The event was co-sponsored by the Public Works Department, Sierra Club, Boone County, Columbia Parks and Recreation, MU, Missouri Stream Team, Missouri Department of Natural Resources and Firestone Complete Auto Care, among others.
“The thing that is so amazing is that all these organizations come and work together,” Heimos said.
Sustain Mizzou is a chapter of the Missouri Stream Team and usually holds their own clean ups a couple times each year.
Missouri Stream Team members can take classes supplementing activities they can do on the creek. A couple members of Sustain Mizzou have taken an intro class about macro and vertebrate sampling, and are able to identify the health condition of the stream, in addition to cleaning it up.

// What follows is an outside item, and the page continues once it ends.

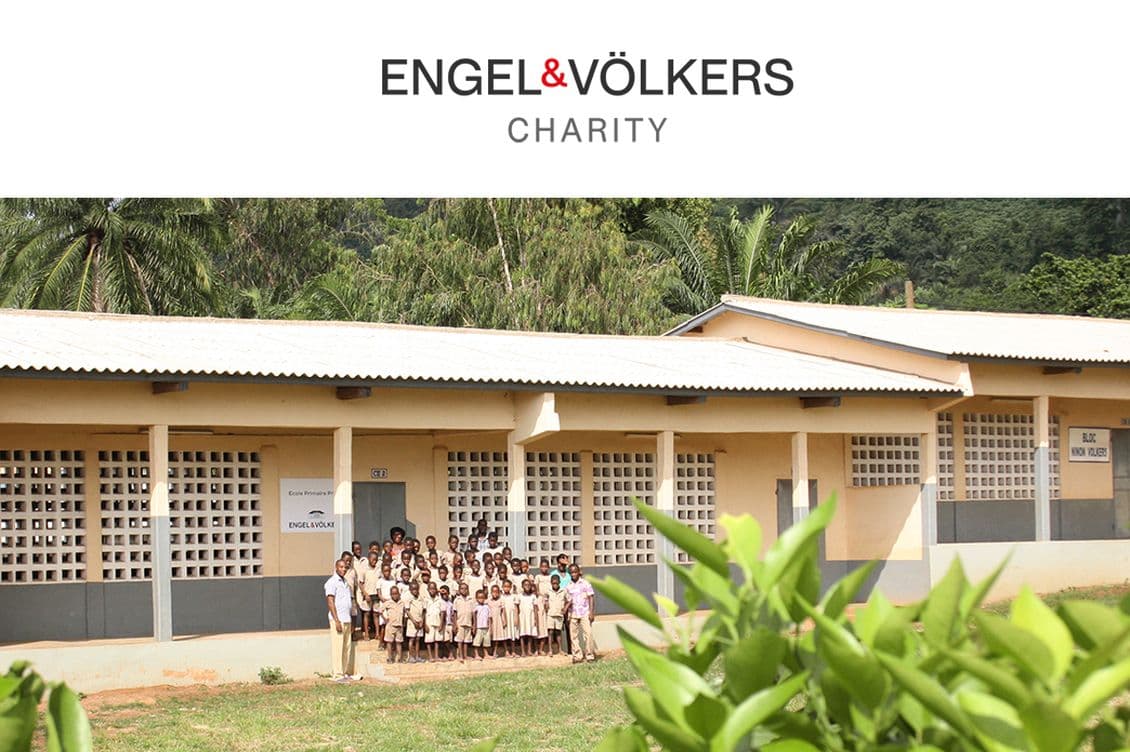 Engel & Völkers Charity: A group of children in uniforms stand in front of a school building with tropical trees in the background.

Sustain Mizzou’s site was at the Hinkson Recreation Center off of Mick Deaver Drive.
“This is basically our backyard,” Project Leader Ross Obernuefemann said.
This site is an especially litter-prone area because it is a flood-plain, allowing for easy movement of trash when water levels rise, Oberneufemann said.
Similar to what happened at other work sites, Sustain Mizzou trenched through frigid water and mud, picking up broken bottles and cans, digging up tires and pulling trash out of entwined roots.
“I would be picking up trash anyways, I just can’t walk by it,” Obernuefemann said.
Sustain Mizzou collected more than six large bags of trash, six tires and other unidentifiable metal objects in two hours.
Sustain Mizzou member Julie Zender said it’s a good excuse to get out in the woods.
“It’s a small thing, but you feel good after,” she said
Alpha Phi Omega, another student organization, also participated in the event. Alpha Phi Omega has been volunteering for more highway and stream clean ups because the events give members more opportunity to get involved.
“I love doing stuff when you can see an immediate physical difference,” Alpha Phi Omega member Daniel Burke-Aguero said.
A barbecue was held afterwards at Firestone for Clean Sweep volunteers. Firestone contributed to the Clean Sweep effort by collecting and disposing of any tires found during the event.
Sierra Club Water Sentinels Director Scott Dye said he estimated one ton of garbage was collected Saturday.
Heimos said the sad part is he could take a whole new group of people to the same areas tomorrow and recover the same amount of trash.
Heimos said volunteers were able to see the effects of littering and realize how much it really adds up.
“It’s easier to just throw it out in the first place,” he said.